> _What is needed_: All pictures are to be omitted while the lines starting at the line with "Gallery image thumbnail" and ending at the line with "6850 Latrobe Avenue, Skokie, IL 60077" in the material below are retyped exactly, both ends included.

Top of Extracted records

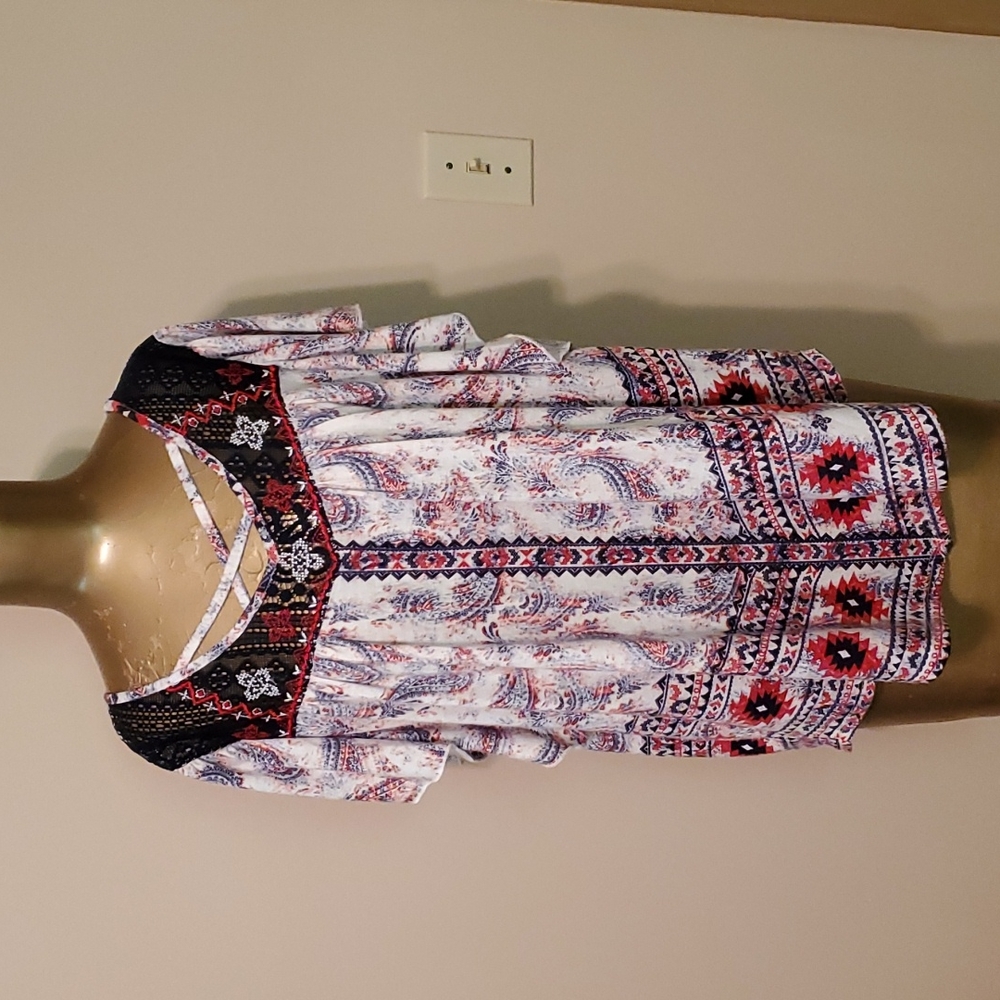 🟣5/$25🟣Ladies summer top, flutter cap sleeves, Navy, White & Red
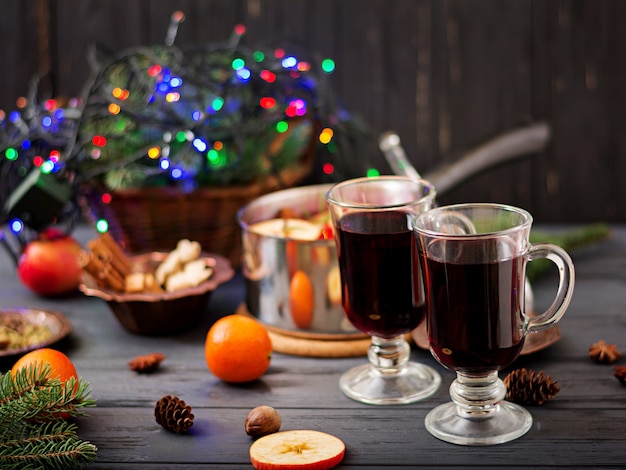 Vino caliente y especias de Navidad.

Bottom of Extracted records
Top of Extracted records

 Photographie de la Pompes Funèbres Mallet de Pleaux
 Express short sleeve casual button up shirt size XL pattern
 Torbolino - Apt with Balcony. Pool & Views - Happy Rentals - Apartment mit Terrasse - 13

Bottom of Extracted records
Top of Extracted records

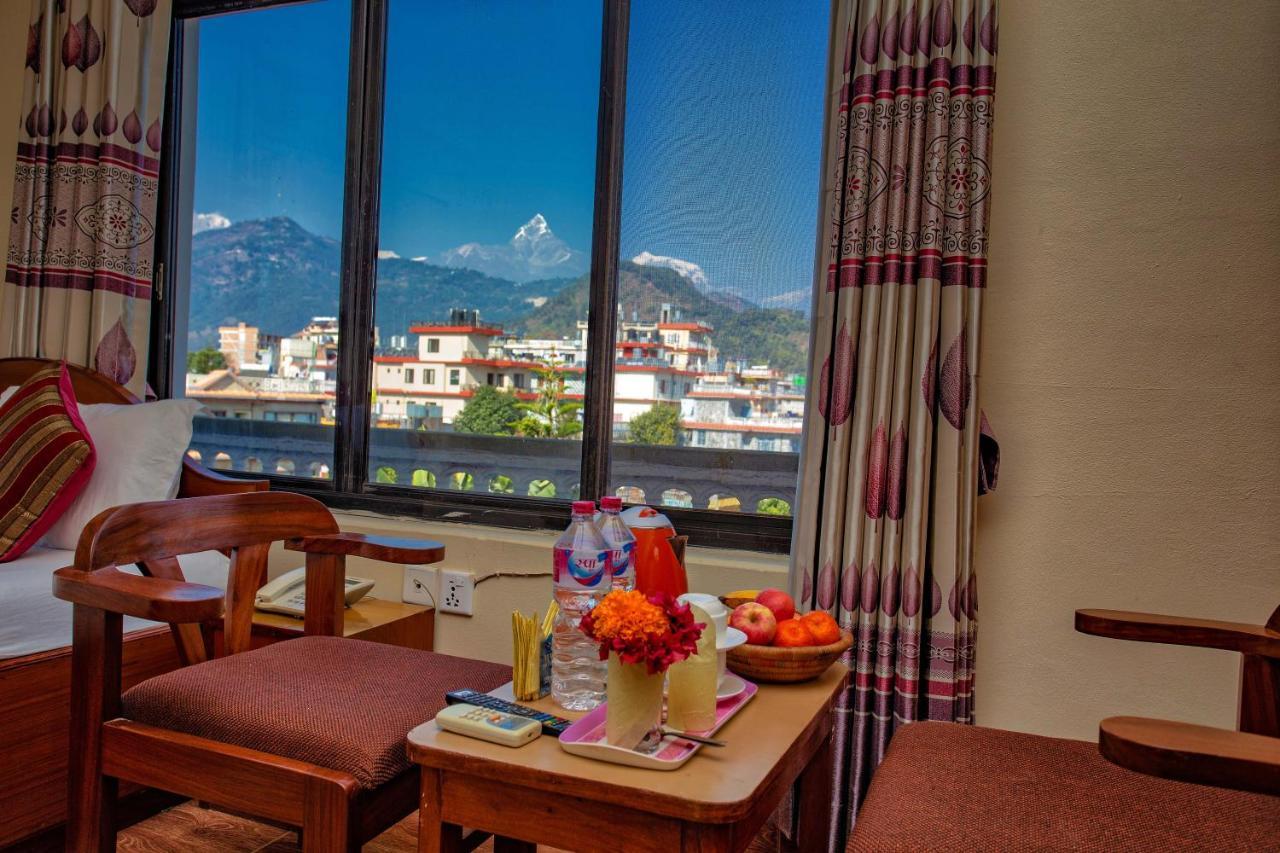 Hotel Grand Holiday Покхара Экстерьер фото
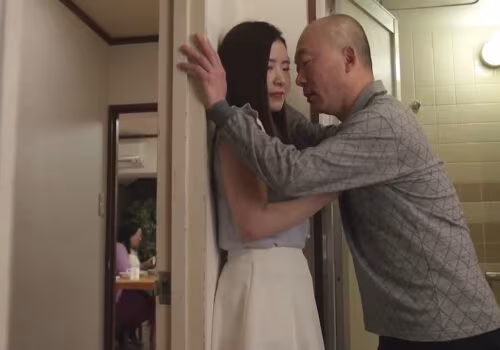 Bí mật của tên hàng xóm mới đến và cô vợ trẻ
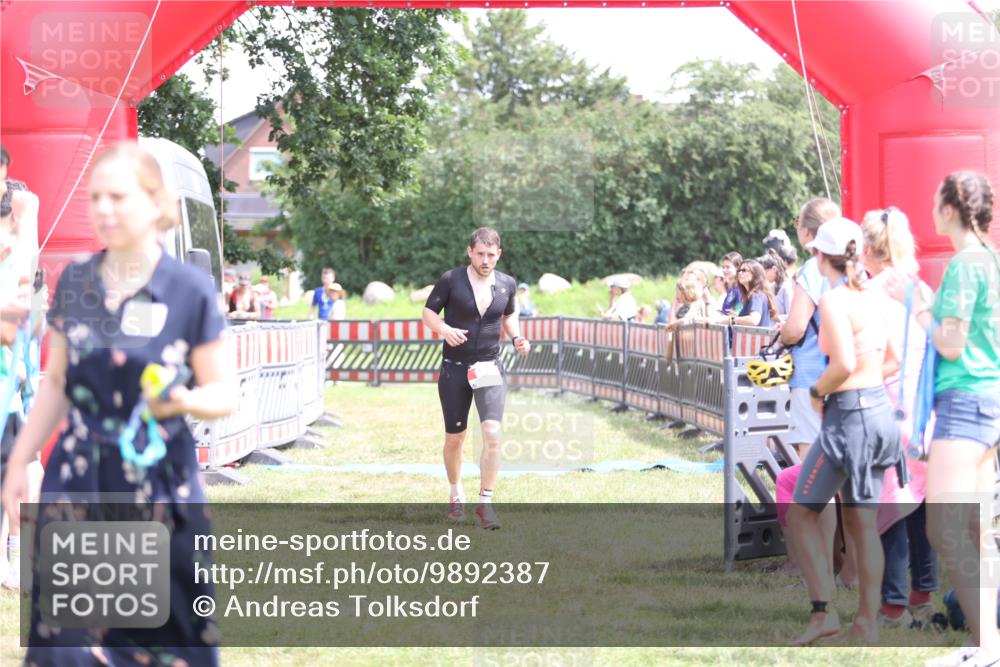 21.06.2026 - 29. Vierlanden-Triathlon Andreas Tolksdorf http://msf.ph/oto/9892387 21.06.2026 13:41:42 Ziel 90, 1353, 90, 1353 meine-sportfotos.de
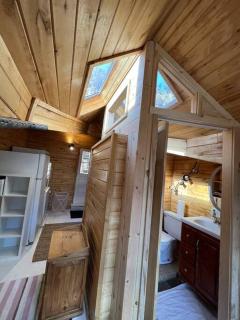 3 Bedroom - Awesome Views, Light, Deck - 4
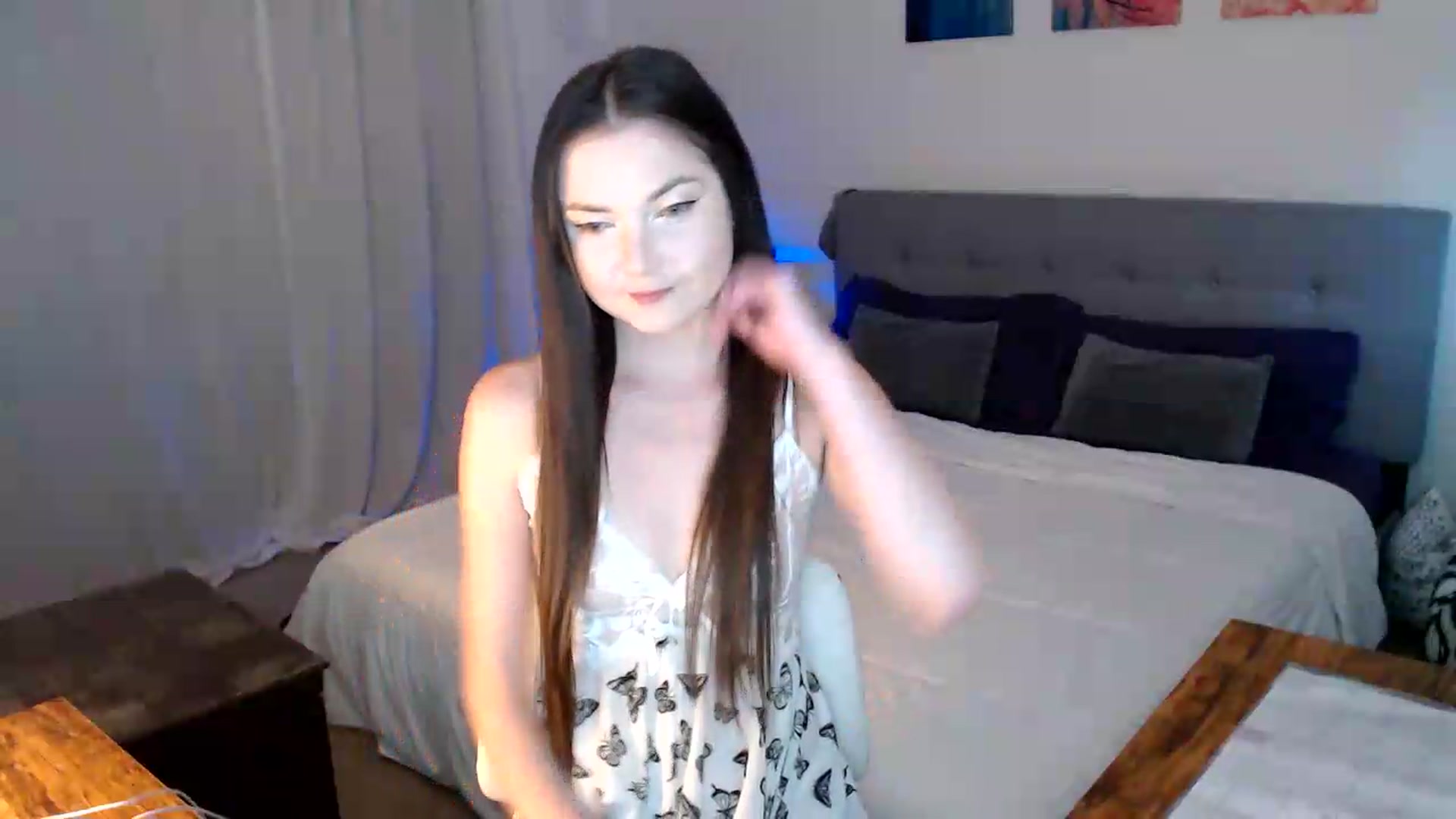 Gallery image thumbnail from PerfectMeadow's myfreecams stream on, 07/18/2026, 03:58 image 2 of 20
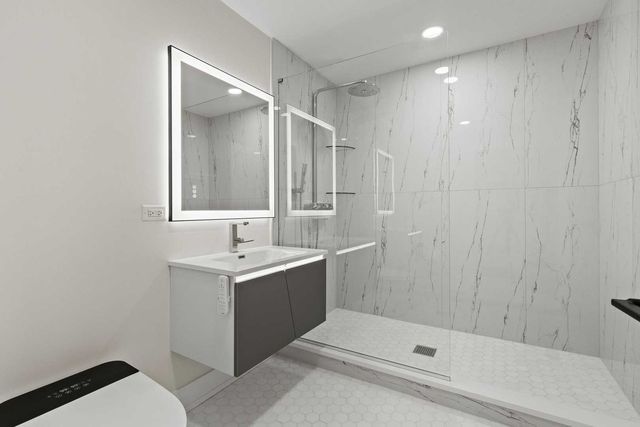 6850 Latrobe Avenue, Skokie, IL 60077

Bottom of Extracted records

> _Result of the exercise_:
 Gallery image thumbnail from PerfectMeadow's myfreecams stream on, 07/18/2026, 03:58 image 2 of 20
 6850 Latrobe Avenue, Skokie, IL 60077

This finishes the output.